__Given material__:
####################
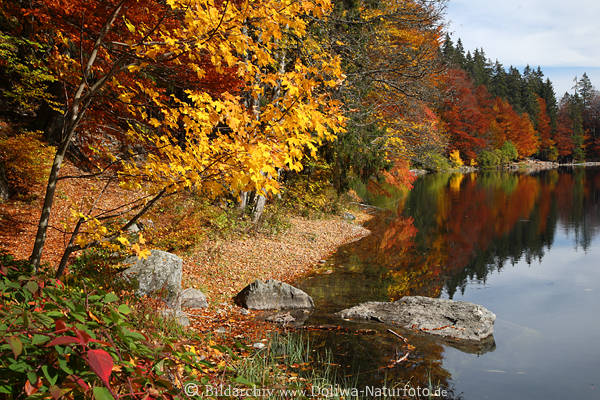 Feldsee Wasserufer Herbstlandschaft Bume Steine in Seewasser Schwarzwald Natur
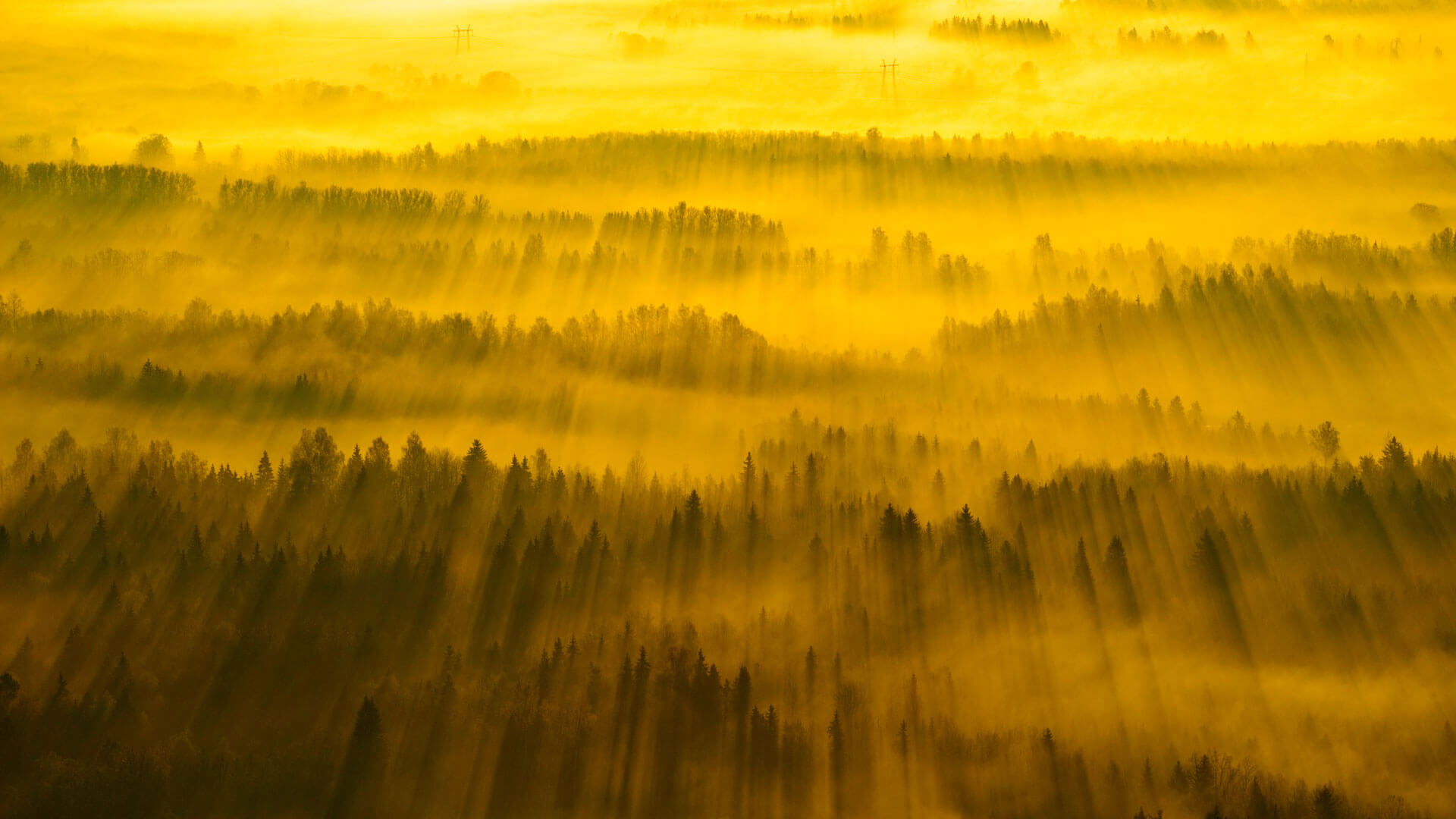 Estonian Countryside By Microsoft Wallpapers Wallpaperhub,Crows Zero 3 Full Movie Indonesia Sub
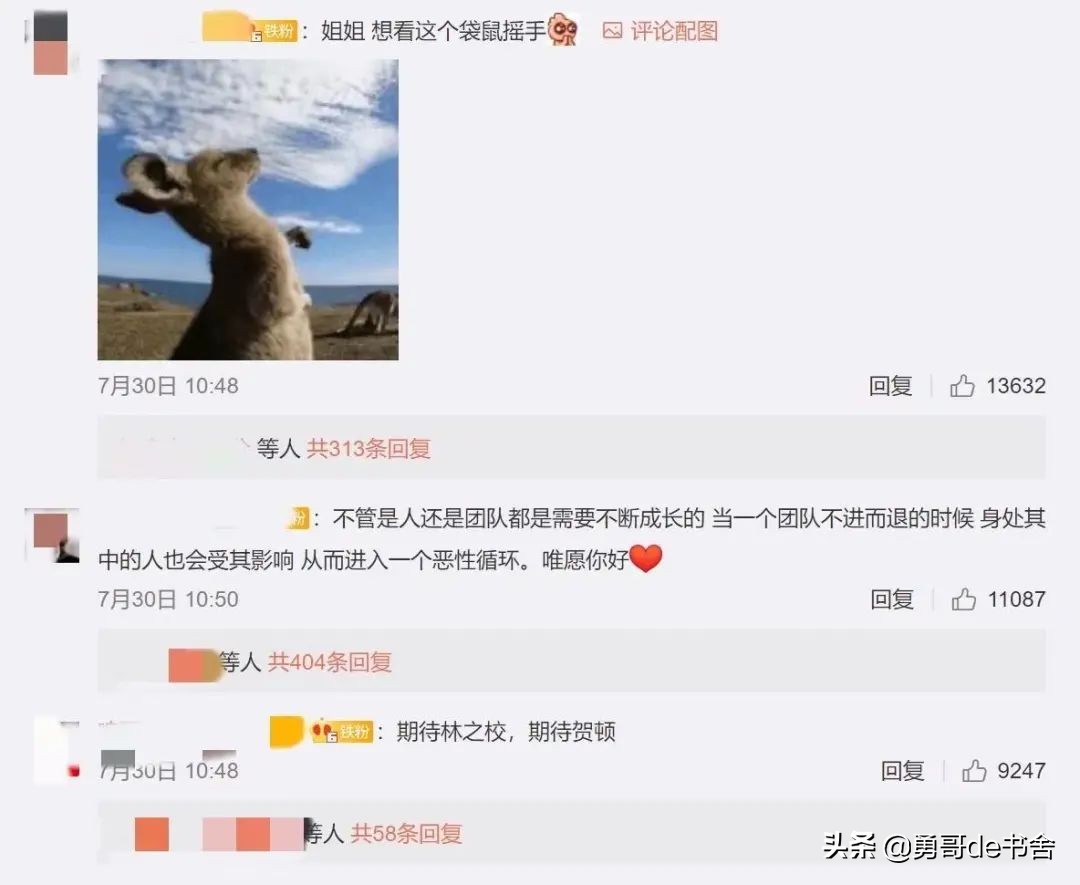 “自毁前程，杨紫可惜了”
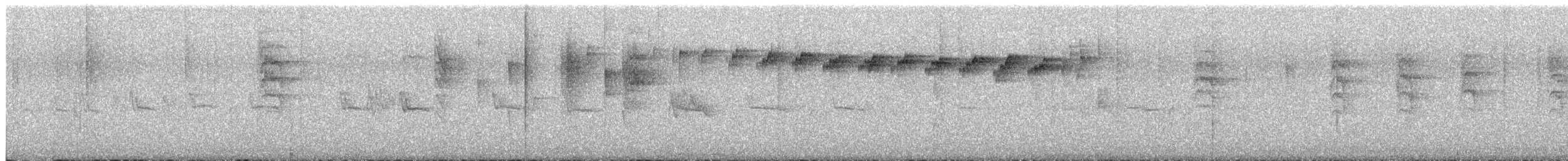 New Zealand Fantail - ML636706809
####################
__Exercise goal__: Output the full material above exactly, leaving every picture out.

__Exercise output__:
 Feldsee Wasserufer Herbstlandschaft Bume Steine in Seewasser Schwarzwald Natur
 Estonian Countryside By Microsoft Wallpapers Wallpaperhub,Crows Zero 3 Full Movie Indonesia Sub
 “自毁前程，杨紫可惜了”
 New Zealand Fantail - ML636706809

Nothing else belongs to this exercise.